That’s offensive. That isn’t what protesters have said. They’ve protested against tyrants like J.B. Pritzker and Gretchen Whitmer, Democrats who insist that it’s logical to say that it’s ok to shop at Walmart but that it’s dangerous to shop at a neighborhood hardware store. On the bright side, at least Democrats are accepting Walmart a little.

The belief that personal freedom is more valuable than the common good factors heavily in right-wing logic. And it has, particularly in the 21st century, been the strategic linchpin of right-wing efforts to squash social and economic justice movements, particularly through race-baiting, xenophobic rhetoric. Such rhetoric, which we are seeing starting to creep into anti-quarantine protests, is designed to stoke the fear of oppression in white American society.
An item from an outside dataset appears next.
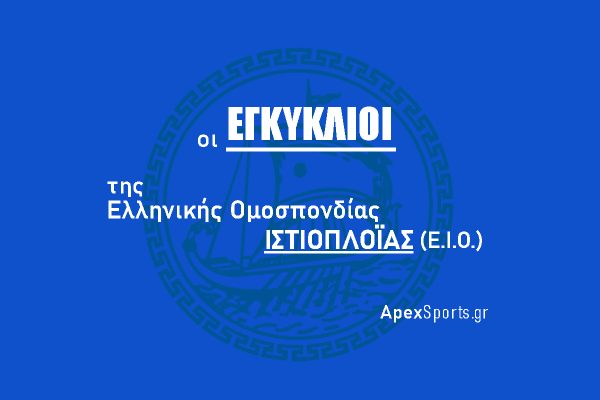 Εγκύκλιος 0002/Μάϊος 2022: Προκηρύξεις και αποτελέσματα αγώνων Ολυμπιακών Διαδρομών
I’ve watched tons of these protests. I don’t know what the hell she’s talking about. The first couple of protests were held in cars. I’d love hearing Ms. Bianco explain when she heard “xenophobic rhetoric.” Better yet, I’d love finding out which protests she attended where she heard xenophobic rhetoric. It’s quite possible that she’s assuming things that she doesn’t have proof for. Where is the xenophobic rhetoric at Karl Manke’s reopening?

The day after Manke reopened, vindictive Democrat Michigan Gov. Gretchen ‘The Witch’ Whitmer revoked Karl Manke’s license. Marcie, I’d love hearing you explain how The Witch’s vindictive action is a good-faith attempt at restoring Karl Manke’s liberty. It’s time to write Ms. Bianco’s article off as the rantings of a spoiled progressive fascist.

2 Responses to “The definition of liberty”

  • eric z says:

    An aspect of liberty is a woman having control of her body.

  • Gary Gross says:

    An aspect of liberty is a woman having control of her body.

    That’s true unless when that woman wants to return to work. Then her body belongs to dirtbags like de Blasio, Cuomo, Garcetti and Whitmer.